If this were on Mad Men:

"You don't need a hamburger... you need McDonald's".

link

kencho 103 days ago

fair point on the framing. we do use vector search internally, so calling it "not a vector database" is a stretch. the argument i was trying to make is more narrow: most teams evaluating pinecone or qdrant don't need to operate the vector layer themselves. they need search results from an api call. whether that api uses vectors, BM25, or hamsters under the hood shouldn't matter to them. i could have been clearer about that

link

_puk 103 days ago

So the classic build vs buy question

link

noemit 103 days ago

The Vector Database obsession came from RAG, which came from a marketing idea to calm down enterprise fears about hallucination with RAG. Will save this article because I feel like I have this conversation weekly when people think they need a vector database for something they definitely do not.

link

kencho 103 days ago

Exactly. We talk to teams every week who spent a month setting up pinecone or qdrant and then realize they just needed search that worked. The vector database became the default answer to every search problem because of the RAG hype cycle, even when the actual need is way simpler

link

le-mark 103 days ago

Can you describe when the actual need is much simpler? I mean throwing documents into elastic search is really easy and the search is really good.

link

kencho 103 days ago

one use case we're handling right now is for a large online auction marketplace. they needed to automatically categorize 40,000 newly uploaded images per week. no tags, no metadata from the sellers, just raw photos. elasticsearch can't look at an image and tell you it's a vintage rolex or a mid-century lamp. they needed search that understands visual content, not text

that's the kind of problem where keyword search doesn't apply at all, no matter how good the engine is

link

simonjgreen 103 days ago

> Spent a month setting up Pinecone? Really?

link

kencho 103 days ago

there's a lot more in "setting up" than creating an account and a collection on pinecone or any other service

link

alansaber 103 days ago

That RAG is marketing and doesn't significantly affect performance is incorrect. As to whether retrieval really benefits from vector DBs is another question.

link

noemit 102 days ago

True. RAG is worse in almost all real-world use cases. If you have less than 10,000 documents its worse and if you have too many documents its also worse.

link

stephantul 103 days ago

This is a thinly veiled commercial, not really useful.

link

hbogert 93 days ago

You don't just need a vector db, you need ours!

link

cpursley 103 days ago

Or you could just use the new BM25 extension and if thats not enough, bring in the vector extension, which you can run as hybrid and not have to bolt yet another paid 3rd party thing:

https://postgresisenough.dev/tools?category=search

link

kencho 103 days ago

pgvector is great if you're already on postgres and only need text search. funny enough, Neon Postgres actually featured us in a case study about this exact topic. we replaced pinecone and rds with neon under the hood: https://neon.com/blog/vecstore-replacing-pinecone-and-rds-wi...

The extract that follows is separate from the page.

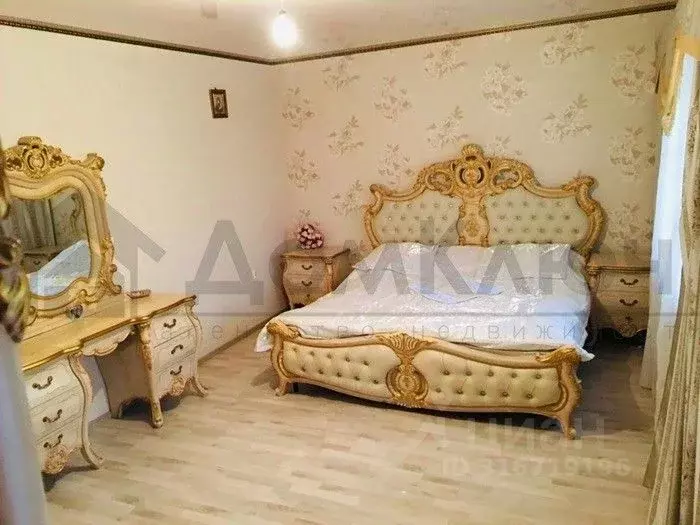 Дом в Краснодарский край, Динской район, Новотитаровская ст-ца ... - Фото 1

the gap shows up when you need image search, face search, or content moderation on top of text search. that's where a dedicated api makes more sense than rolling your own on postgres

link

alansaber 103 days ago

Exactly this, hybrid search (weighted in favor of a good sparse retrieval strategy) is universally the best way to go.

link

sirfz 103 days ago

You don't need a vector db, you just need np.dot

link